After several years, the Yuan dynasty began to weaken, and the Chinese also began to rebel against their foreign lords. They made the Mongols flee back to their homeland, and so began another Chinese, in fact the last native Chinese dynasty, the Ming(1344–1614). Under the Ming, relations with the Western world began to increase, but the conservative Chinese government was not that warm in welcoming these foreigners, and they had a reason. Ming China that time was far more populous, wealthy, powerful, and technologically advanced than any Western power had been during that time.
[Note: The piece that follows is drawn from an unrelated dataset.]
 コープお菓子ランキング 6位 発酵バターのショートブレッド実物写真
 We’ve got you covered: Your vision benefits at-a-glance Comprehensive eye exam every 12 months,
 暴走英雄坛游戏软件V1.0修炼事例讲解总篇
All dynasties had an end, and the Ming's end was just about to begin. War with the Japanese invading Joseon Korea, high expenses paid to keep the Great Wall in line, and growing Manchu power eventually led to a coup that ended with the Manchus completely overtaking Ming China. This started the Qing dynasty(1644 to 1911), which was ruled by Manchu emperors. Though they were not ethnically Chinese, they kept most the Chinese traditions in place. During this time, the empire spread its borders to almost what modern China is today. The dynasty began to weaken during the 1800s, where most emperors were weak or selfish, and the Western world was getting stronger through technological advancements, especially in warfare.
In 1911, Sun Yat-sen and the Kuomintang overthrew the Qing government and started the Republic of China. The Kuomintang grew increasingly unpopular, and the Communist Party, after a long period of contention, took over and founded the PRC.